By “Deacon G” Gautrau

I wonder if the seeds of pride are not sown right after our birth. Though we might not be able to think that far back, it’s probable that people were telling our parents what a beautiful baby we were.

It is likely that we heard those words and while we couldn’t yet talk, our minds absorbed those first comments that were building us up. Heck, we may have been ugly as pig slop, but nobody ever says, “That’s the ugliest kid I’ve ever seen!”

I remember my parents being so proud that I began reading the newspaper when I was 5 years old. Now there are children reading and operating computers at 3 or younger. Are children really that much smarter or was my parent’s pride misplaced? Were they planting seeds that affected how I would grow emotionally?

Later at ages 7 and 8 my team won baseball “championships.” I have the trophies to prove it. But did my teams really win or did everyone win the “championship?”

I remember going to the ball park, but I couldn’t tell you if I ever hit the ball. For all I know I sat the bench half the time. Do parents build us up so much that we begin to feel better than we really are? Is this their way of showing us love? Should we go through life with an inflated sense of our status or accomplishments?

I will admit that those actions by our parents are much better than negative comments and behaviors that can tear down and destroy a young mind, never allowing it to mature into a well-rounded and loved individual, but we have to experience a reality that blends positive reinforcement, which motivates good deeds, against warranted disciplinary action for failure to do or accomplish what we truly should.

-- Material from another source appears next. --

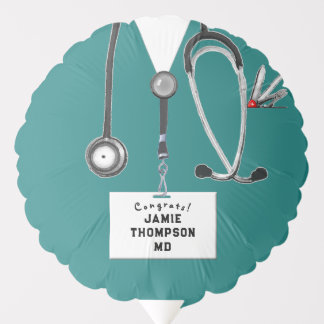 Medical School Doctor Graduation Balloon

How many of us go through life continuously seeking affirmation? We need to accomplish something, anything, so that someone will notice and slap us on the back; and if no one notices, then we’ll tell everyone what a great job we’ve done until someone relents and gives us our praise.Some people carry this to such an extreme that it affects their marriages. During the courtship phase of a relationship, each party tells the other how good they are, how much they mean to each other and how much they love them. Too much of a good thing isn’t good. Once the couple is married, they find out that the other person isn’t perfect. They stop affirming their spouse and slowly the marriage dies because one or both partners have this unrealistic expectation that they will always be perfect in the eyes of the other. They no longer “feel the love”. The pride monster is not getting fed! The couple has never experienced the gift of humility.

So what is humility and why is it a gift? Humility is the ability to lower ourselves in relation to others, to have a sense of our unworthiness due to imperfections or to not have false pride. It is a gift because it allows us to relate to others as equals and because “God resists the proud, but gives grace to the humble.”  (James 4:6)

Humility helps us throw perfection out the window and to live as Christians, doing to others as we would have them do to us.

Let’s take time during Lent to reflect on the ultimate example of humility, Jesus Christ, the only perfect man, who humbled himself by dying for our sake; and the next time we’re about to proclaim to someone that we’re king of the world, let’s remember what the “King of heaven and earth” said about that, “Whoever exalts himself will be humbled; but whoever humbles himself will be exalted.” (Matt 23:12).